I don't wear a watch, but I know the checkpoints for my splits. I base my progress on feeling. I feel I'm moving fast when I hit the concrete runway—the approach for the bridge—which isn't really a runway, but it seems like it to me so I have to build up speed for liftoff. Even at this late hour there are cars backed up at the light. Their exhaust stinks and they throw off thick heat, which makes them bend in the wash of headlights and streetlights. People stare as I run by their windows. I run on the divide, the embossed yellow line, which separates cyclist side from pedestrian, and then I'm past the cars, bending
left toward the bridge. The concrete turns to wooden planks and I rise above the heat and fumes, into the cooler air and headwinds above the river.

It's 1:25 a.m. and all is well. The electric lights line either side of the wide wooden path and evoke gas lamps, their lenses frosted or etched—I can't tell, but their light is diffused, making the path ahead always look like a glowing entrance. Up above the lamps is clear. The sky is lacquered azure. No stars here. The moon is behind me. The clouds have gathered again, gray and fat over the mouth of the river, over Lady Liberty. And when I see them, I notice the air's thickness, the density of the water in it. The bridge cables rise and cross and attach to the highest cross span. It seems impossible, their suspension, their heft, glazed by subtle lights, slack and taut, delicate, heavy, twisted steel—now bonelike, now like sinew and back to braided steel. My list—Claire's list—seems small, manageable, unremarkable, no different from what any other family contends with, and it is, after all,
only money. “There but for the grace of God go I”

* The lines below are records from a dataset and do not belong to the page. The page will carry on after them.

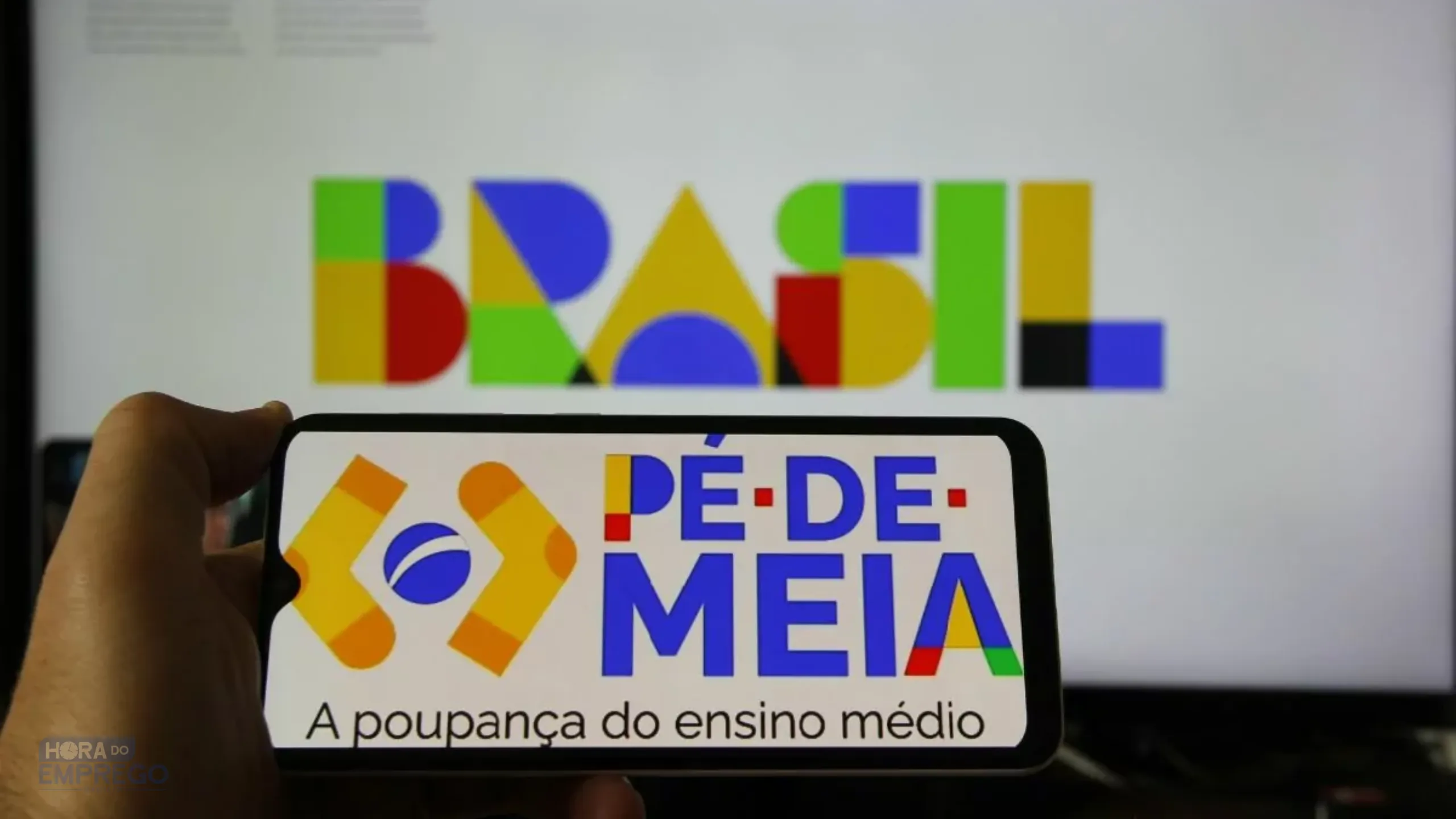 pedemeia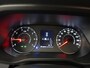 Renault Trafic 2.0 Blue dCi 150PK T30 L2H1 Advance Automaat Airco Bluetooth Cruise Parkeersensoren Navigatie Trekhaak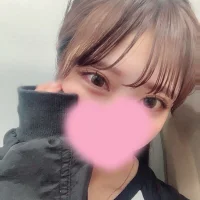 sono_chan's Profile Pic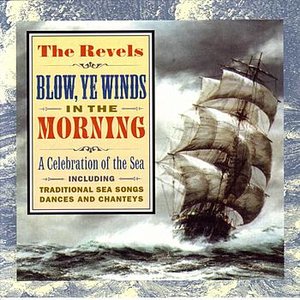 Изображение для 'Blow, Ye Winds, In The Morning'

—up the planks, loosely through the night. I like the greasy slip of my arms, going back and forth against my sides, my sweat evaporating in the night air. Plank after plank goes under me as though the bridge is a giant conveyor belt that I run against.

I wonder how my wife is and I feel like a bastard for not having wondered before, that my latest thoughts had been to sneakily indict her as an architect of my demise. I wonder how her nose is, if Edith would cough up the dough for a surgeon to reset it, or if Claire will finally be blemished. I can't see her transformed face, but I do see her—young woman, young mother, then mother, ringed by her babies on the beach. Low tide. Sunset. Happy to see me as I appear on the dunes.